It just seems to be an odd system to use one of _your_ expenses on _their_ tax returns.


----------



## overanalyze (Dec 28, 2010)

It is a bit odd..that we agree on. But according to my CPA it's a legit tax option in Ohio. What are you gonna do...I didn't write the law and I am not going to change it.


----------



## force8 (Aug 25, 2008)

Hey Sparky, phrs_50's question isn't about sales tax, nor is this thread... At least it wasn't originally.

The question is whether or not his customer is setting him up to get screwed down the road. Response.... most likely. 

Since the contract isn't cost + basis, it's none of his derned concern what your costs are.
If it's too late to RUN, be very careful... make sure client pays what's due with each progress payment. Don't let your work and costs get too far ahead of his payments. Protect yourself. Document everything. Keep complete records. Get change orders signed before you preform them, etc etc etc. 
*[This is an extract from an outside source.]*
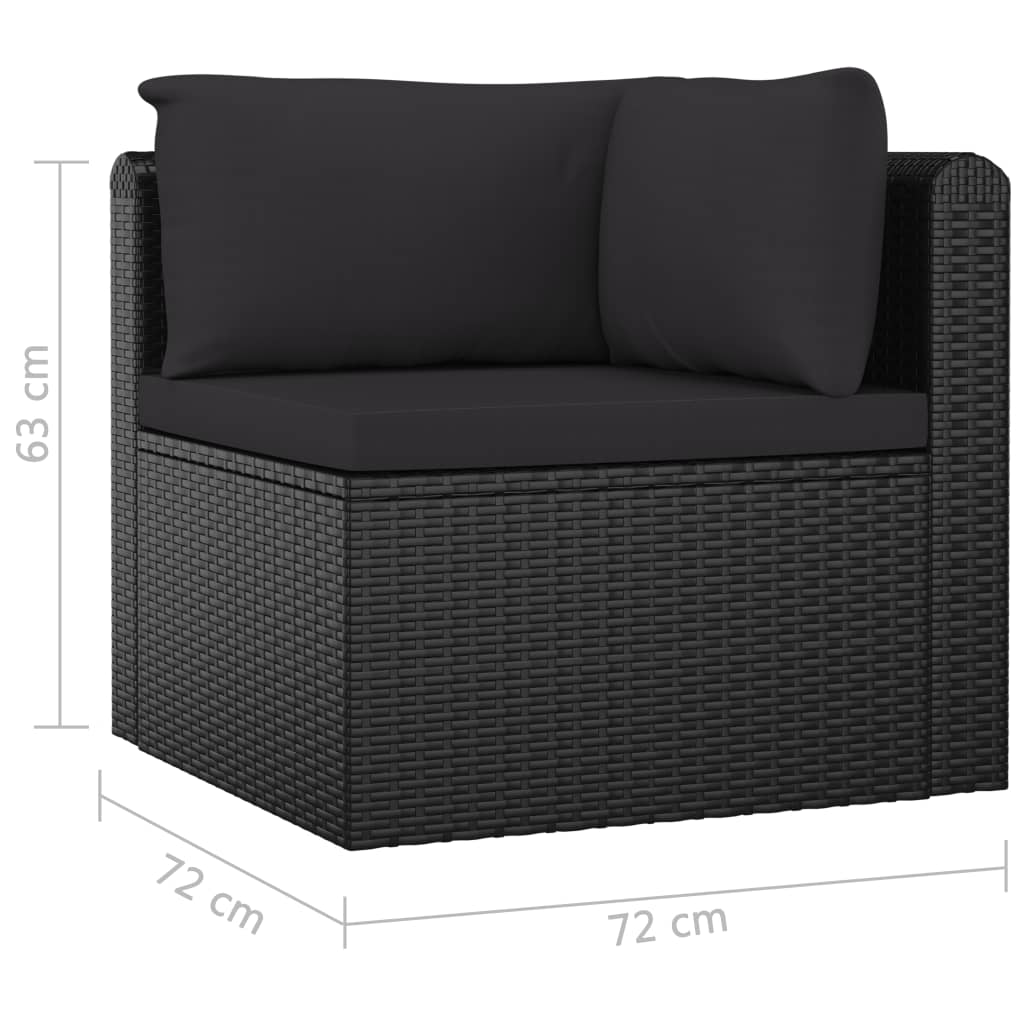 10-tlg. Garten-Lounge-Set mit Kissen Poly Rattan Schwarz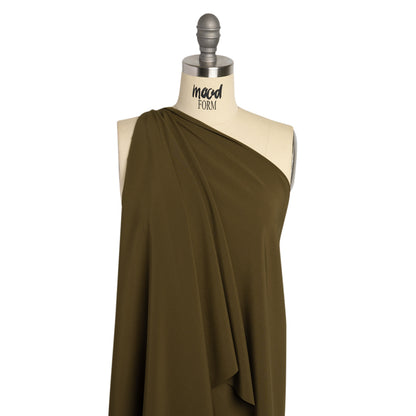 Famous Australian Designer Dark Olive Stretch Polyester Lining Drape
After you end up liening this character, he'll probably demand a contractor's affidavit and etc... but that's then. Attorney's are expensive. Avoid that as much as possible by dotting your "t"s and crossing your "i"s and get paid as the job goes along


----------



## Calidecks (Nov 19, 2011)

It would be like me going into Micky D's and telling them I need to know the cost breakdown on the tomatoes, lettuce, and onions for my tax purposes, because this Lunch was for business. What do you suppose they would tell you?


----------



## Jaws (Dec 20, 2010)

Californiadecks said:


> It would be like me going into Micky D's and telling them I need to know the cost breakdown on the tomatoes, lettuce, and onions for my tax purposes, because this Lunch was for business. What do you suppose they would tell you?


Dont compare me to McDonald's  Im at least a Sizzlers or K Bobs steak house or an Outback or something :laughing:

Seriously, there is a big difference between a home and a crappy burger. Id be likely to try and accommodate them.


----------



## Calidecks (Nov 19, 2011)

Jaws said:


> Dont compare me to McDonald's  Im at least a Sizzlers or K Bobs steak house or an Outback or something :laughing:
> 
> Seriously, there is a big difference between a home and a crappy burger. Id be likely to try and accommodate them.


I'm not comparing the product, I'm comparing the tax request as far as breaking down proprietary expenses. It's the same concept whether it's McDonald's, Apple or MLW Construction.


----------



## hdavis (Feb 14, 2012)

Californiadecks said:


> It would be like me going into Micky D's and telling them I need to know the cost breakdown on the tomatoes, lettuce, and onions for my tax purposes, because this Lunch was for business. What do you suppose they would tell you?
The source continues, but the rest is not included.